Years of QE programs and low bond yields have prompted investors to increase equity allocations and the fear is now that higher yields will translate into lower equity prices. Marko Kolanovic, Global Head of Derivative and Quantitative Strategies at J.P. Morgan Securities, says that this fear is justified by correlation data.
In the left pane of the chart, Kolanovic shows that bond-equity correlation has been steadily increasing this year. Recent levels of bond-equity correlation are strong at around 40% (centre pane) and Kolanovic thinks that if yields rise, equities are most likely to sell off.
The figure also shows the correlation of DAX to German government bonds. While bond-equity correlation in the German market is lower than in the US, Kolanovic says that recent DAX/bond moves can give us a flavour of what could potentially happen in the US. The right pane of the chart shows how over the past 2 months 10Y German bonds sold off by around 7% and DAX by around 10%. While he says it is difficult to precisely quantify equity risks coming from a potential increase in bond yields, he says he can estimate it.
For example, he assumes that an adverse market reaction to the exit from zero interest-rate policy could result in around 100-125 bps increase in 10Y yields based on rate spikes over the last 10 years which were in the range of 120-200bps. He estimates equity-rate correlation during a rate increase at 40% and the ratio of equity to bond volatility to be 2.5 to 3. Liquidity in equity markets has also declined over the past 5 years – stock trading volumes have dropped 40% and index volumes by 30%.

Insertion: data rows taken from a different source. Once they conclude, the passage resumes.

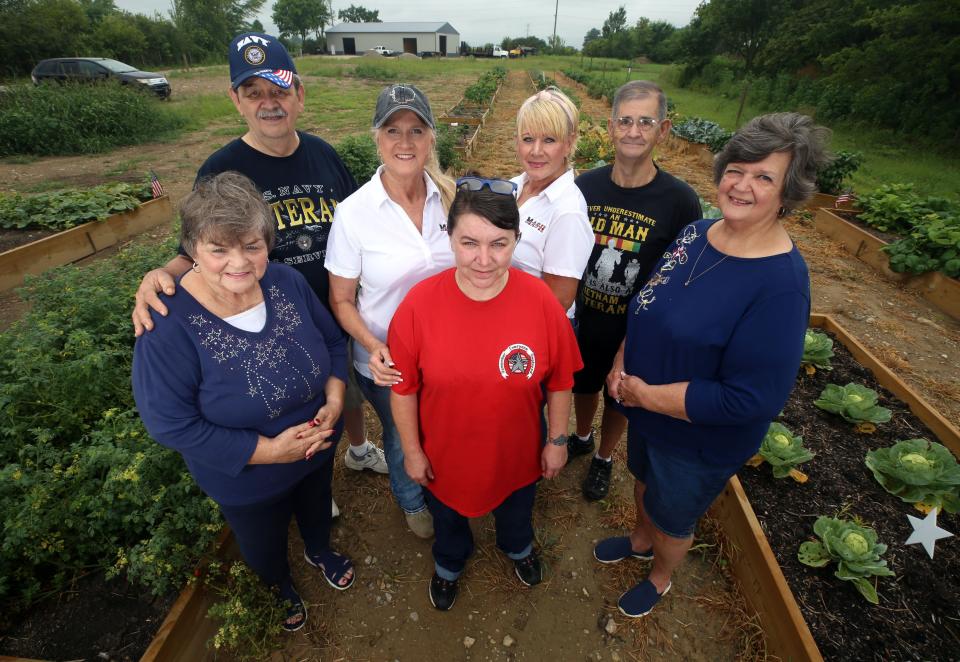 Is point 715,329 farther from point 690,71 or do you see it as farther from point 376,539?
point 690,71

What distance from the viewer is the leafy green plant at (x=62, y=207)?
273 inches

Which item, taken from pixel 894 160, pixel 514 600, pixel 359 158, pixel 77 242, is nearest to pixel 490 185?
pixel 514 600

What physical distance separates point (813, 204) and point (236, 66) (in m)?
10.4

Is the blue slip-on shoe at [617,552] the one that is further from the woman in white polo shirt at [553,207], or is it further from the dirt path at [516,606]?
the woman in white polo shirt at [553,207]

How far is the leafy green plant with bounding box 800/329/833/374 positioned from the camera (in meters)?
3.85

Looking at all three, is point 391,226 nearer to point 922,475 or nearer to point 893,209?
point 922,475

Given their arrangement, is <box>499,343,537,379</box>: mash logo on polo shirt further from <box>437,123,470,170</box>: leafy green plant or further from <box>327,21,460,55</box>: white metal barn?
<box>327,21,460,55</box>: white metal barn

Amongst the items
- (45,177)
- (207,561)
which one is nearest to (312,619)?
(207,561)

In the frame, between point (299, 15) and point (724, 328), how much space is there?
87.4m

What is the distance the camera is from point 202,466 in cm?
181

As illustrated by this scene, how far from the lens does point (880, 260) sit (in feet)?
22.0

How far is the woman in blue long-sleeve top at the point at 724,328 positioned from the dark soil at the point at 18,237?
28.9ft

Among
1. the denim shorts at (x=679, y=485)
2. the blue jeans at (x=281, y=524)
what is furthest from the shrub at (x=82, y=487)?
the denim shorts at (x=679, y=485)

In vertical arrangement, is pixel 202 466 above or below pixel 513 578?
above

Taking into account all of these factors (correlation, beta, liquidity and yield increase), he estimates that an equity selloff on account of a sharp increase in rates could be in the range of 10-15%. While this type of pullback would not be unusual for equity managers, multi-asset portfolios would be hit much harder due to positive bond-equity correlations and they should look to diversify into low or negatively correlated assets or buy portfolio protection.
Kolanovic also notes that bond yields across the world are highly correlated (as bonds of the same credit rating can often be used as a perfect substitute). The correlation between US and German yield levels was 87% and between yield returns was 74%. Given the positive correlation of rates, the expected increase in short term US rates, and ongoing QE in Europe putting pressure on the long end – he says to expect a further flattening of the curve that has historically had an additional negative impact on US equities.